Thursday, August 16, 2012

The Norms of Hypocrisy (Drowned by the Ocean)








"Cover me with your overwhelming calm, embrace me with the darkness of your night, and----your silence." I often sigh.

 I've never been in a situation where I could be good and nice at the same time. When prompted to be nice, I'd be pushed to my limits, and miraculously, that's when goodness starts. Yes, the good that I know is something that will make me feel better, the chance where I can prove that I'm right, whatever is at stake.  And most of the time, I am despised.

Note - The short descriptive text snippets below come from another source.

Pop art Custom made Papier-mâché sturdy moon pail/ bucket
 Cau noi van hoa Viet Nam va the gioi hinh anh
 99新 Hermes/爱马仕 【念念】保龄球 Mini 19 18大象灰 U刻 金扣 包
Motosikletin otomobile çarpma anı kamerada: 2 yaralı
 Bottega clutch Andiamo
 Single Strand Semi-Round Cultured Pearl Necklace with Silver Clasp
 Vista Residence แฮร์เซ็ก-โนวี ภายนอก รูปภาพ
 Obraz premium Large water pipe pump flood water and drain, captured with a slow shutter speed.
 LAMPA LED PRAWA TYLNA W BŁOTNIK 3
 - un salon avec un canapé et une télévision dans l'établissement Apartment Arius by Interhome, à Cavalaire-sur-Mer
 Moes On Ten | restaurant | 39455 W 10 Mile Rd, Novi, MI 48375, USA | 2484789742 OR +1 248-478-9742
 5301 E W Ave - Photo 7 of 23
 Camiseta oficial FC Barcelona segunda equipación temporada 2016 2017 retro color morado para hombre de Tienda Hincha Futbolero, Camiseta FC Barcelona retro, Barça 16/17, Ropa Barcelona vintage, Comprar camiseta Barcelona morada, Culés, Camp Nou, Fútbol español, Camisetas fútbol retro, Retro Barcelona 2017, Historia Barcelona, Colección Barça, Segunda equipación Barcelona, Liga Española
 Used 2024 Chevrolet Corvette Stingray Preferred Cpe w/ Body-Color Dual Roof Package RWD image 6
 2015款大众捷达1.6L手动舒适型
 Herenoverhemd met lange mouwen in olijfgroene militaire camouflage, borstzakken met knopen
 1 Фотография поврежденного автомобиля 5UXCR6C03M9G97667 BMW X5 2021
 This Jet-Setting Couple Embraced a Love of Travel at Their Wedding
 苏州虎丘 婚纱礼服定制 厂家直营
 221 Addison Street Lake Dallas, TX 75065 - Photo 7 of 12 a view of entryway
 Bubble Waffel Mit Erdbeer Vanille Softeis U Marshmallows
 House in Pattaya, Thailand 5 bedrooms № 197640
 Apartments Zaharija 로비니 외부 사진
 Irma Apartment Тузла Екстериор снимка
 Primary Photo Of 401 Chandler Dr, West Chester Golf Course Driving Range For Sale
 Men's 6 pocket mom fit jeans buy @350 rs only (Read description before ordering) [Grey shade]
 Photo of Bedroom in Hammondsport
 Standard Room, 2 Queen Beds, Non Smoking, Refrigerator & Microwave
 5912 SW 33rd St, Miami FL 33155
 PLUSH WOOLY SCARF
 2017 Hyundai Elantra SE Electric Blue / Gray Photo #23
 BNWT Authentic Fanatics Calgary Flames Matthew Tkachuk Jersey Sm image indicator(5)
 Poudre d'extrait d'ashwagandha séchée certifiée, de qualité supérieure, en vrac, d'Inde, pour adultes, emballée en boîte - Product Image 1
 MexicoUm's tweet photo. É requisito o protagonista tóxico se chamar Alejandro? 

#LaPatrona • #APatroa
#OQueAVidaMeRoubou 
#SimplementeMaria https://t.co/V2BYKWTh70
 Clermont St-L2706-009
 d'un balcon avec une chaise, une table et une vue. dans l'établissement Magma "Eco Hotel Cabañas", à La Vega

It feels like heaven when people give us praises, just because they see us doing what they wanted to see. I call that the norms of hypocrisy. I want to laugh, laugh so hard until my head would crack! It's really funny how people want something better but don't want their hands to collect dirt or grease. It's funnier even, to look at them wanting to be in a high place, not for them to get a better view beyond the horizon but because they want the horizon to look up at them. Many wanted to go to heaven but don't want to succumb to death.

We can never have the best of both worlds.When we want something, we should work hard for it. If there is a need to hold a rag and a cutter to be able to remove the oddities of a jewel, we must do so. Pretending to be nice when there is nothing good left within us, is just like trying to hone a plastic cup to make it glitter like silver or gold.

There's a diamond above the clouds, and that is none other than my ideal, my dream. I don't hunger for the best in others, for I can be my very best on my own. I am the heart of the ocean. I can always be me.